## Problem to work on
Each line starting at the one that contains "Brown and Tan" and ending at the one that contains "Long Stiletto Christmas" must be returned exactly, and the rest of the listing is left out.

## Dataset excerpts
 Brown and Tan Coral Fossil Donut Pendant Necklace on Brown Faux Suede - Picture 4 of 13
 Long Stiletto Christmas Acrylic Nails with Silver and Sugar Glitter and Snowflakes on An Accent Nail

--

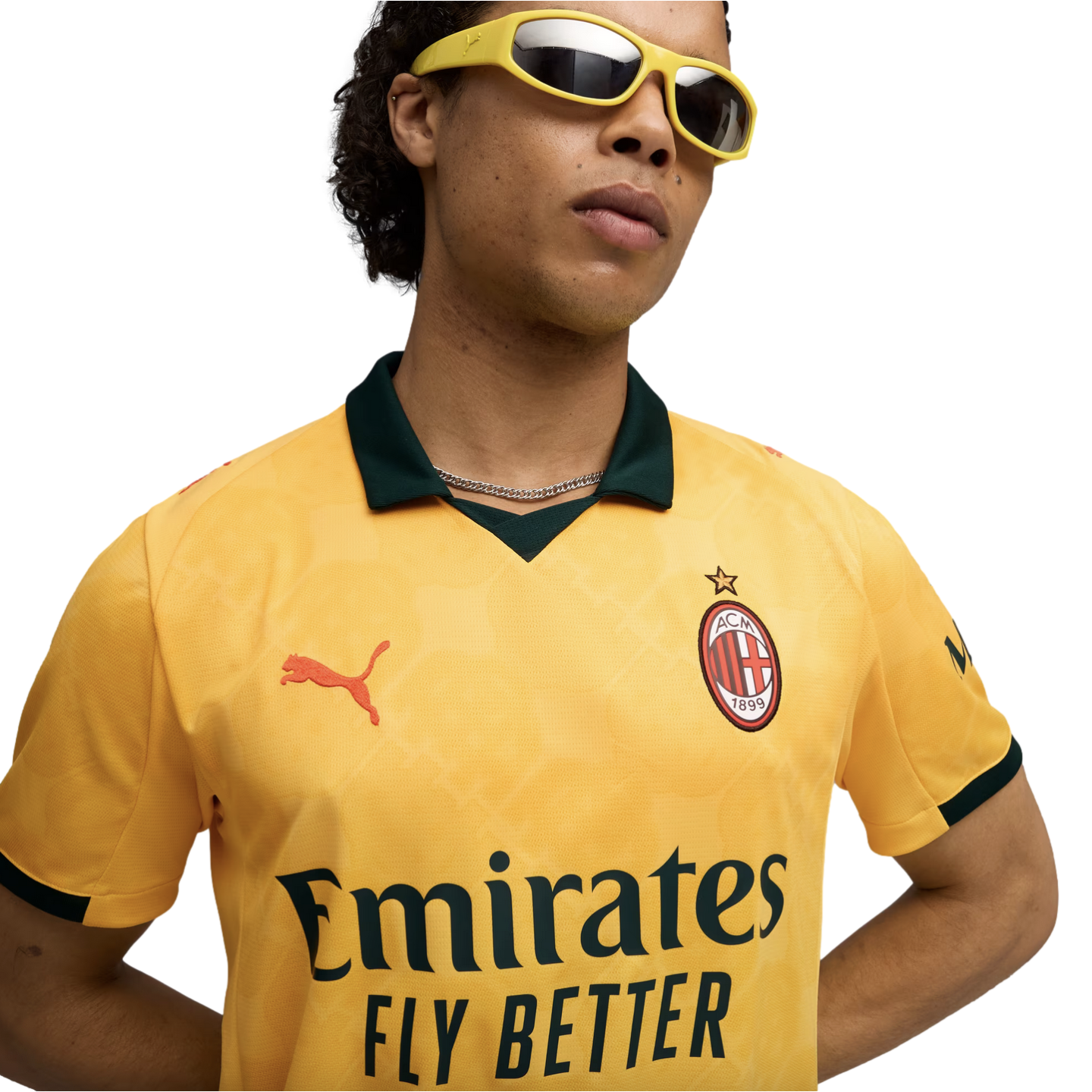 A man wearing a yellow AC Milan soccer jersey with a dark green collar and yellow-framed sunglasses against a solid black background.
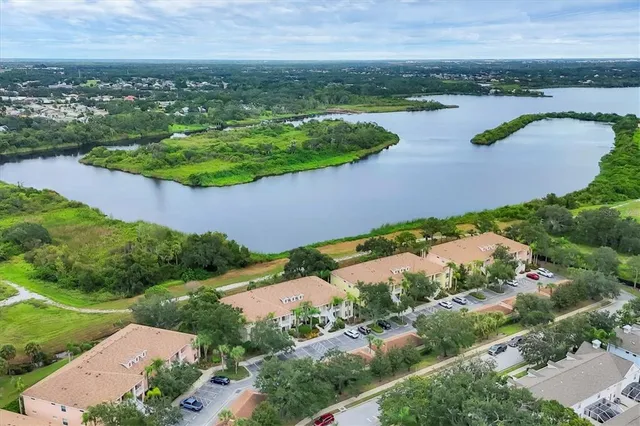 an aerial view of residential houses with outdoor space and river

## Response to this task
 Brown and Tan Coral Fossil Donut Pendant Necklace on Brown Faux Suede - Picture 4 of 13
 Long Stiletto Christmas Acrylic Nails with Silver and Sugar Glitter and Snowflakes on An Accent Nail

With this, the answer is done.